You are viewing a plain text version of this content. The canonical link for it is here.
Posted to user@hbase.apache.org by Jon Schutz <Jo...@youramigo.com> on 2009/06/30 04:21:58 UTC

TTL, Versions and storing long history

How do TTL and Versions specifications interact?  I'm guessing that the
first limit reached applies, i.e. if TTL is 1 week and versions is 3,
adding a fourth update to a data record would cause the first to be
bumped even if it is less than a week old?  And if I only have 2
versions but one is 2 weeks old, the expired one gets bumped even though
the versions limit has not been reached?

Is there a way to say "Keep versions < x weeks old, but always keep at
least the latest version, no matter how old?"

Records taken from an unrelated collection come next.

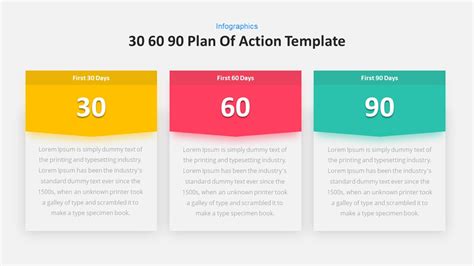 30 60 90 Day Plan Template 5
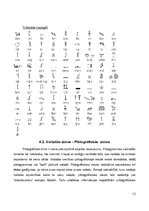 Referāts 'Rakstības izcelšanās un attīstība: Senās Ēģiptes rakstība', 12.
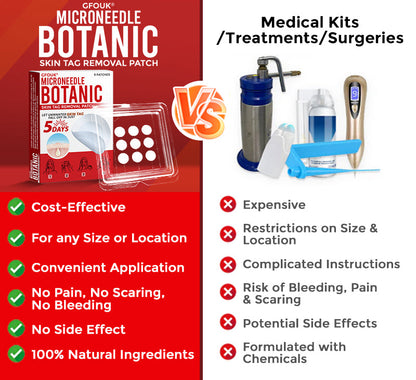 MicroNeedle Botanic Tag Patch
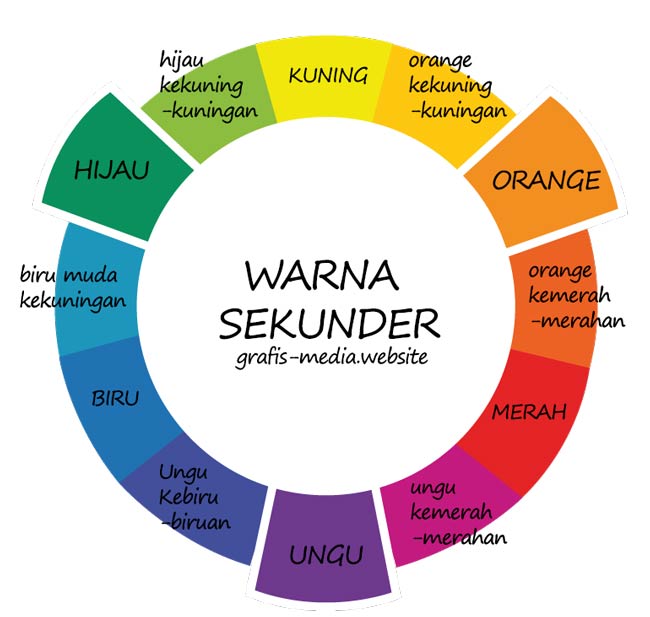 Detail Gambar Warna Primer Nomer 10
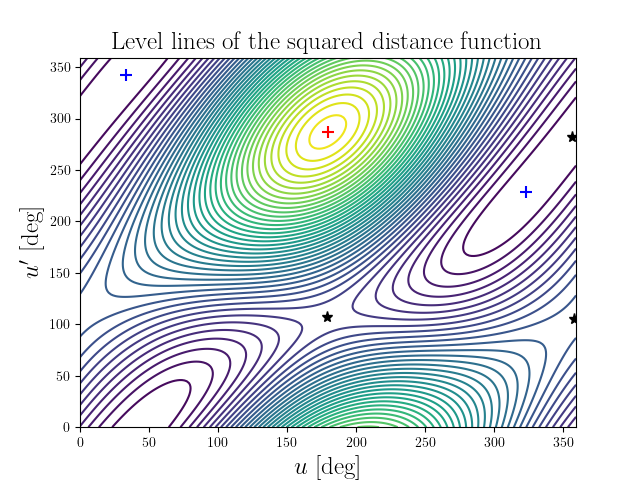 Level lines of the squared distance function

Suppose I want to keep the history about a particular object forever.
Looks like TTL can be set to 'Forever' (-1) but Versions has no
'infinite' setting - I guess that's OK as in practice MAXINT is "big
enough".  Would it be wise to use Hbase like this to maintain a history,
or should I be adding a time component into the key and storing multiple
records?  Can anyone help outline the pros and cons?

Thanks,


-- 
Jon Schutz                        My tech notes http://notes.jschutz.net
Chief Technology Officer                        http://www.youramigo.com
YourAmigo         


Re: TTL, Versions and storing long history

Posted by Jonathan Gray <jl...@streamy.com>.
Yes, this is a reference to HEAD of trunk.

It is sufficiently stable for development and assessment.  Not currently
recommended for production until the release.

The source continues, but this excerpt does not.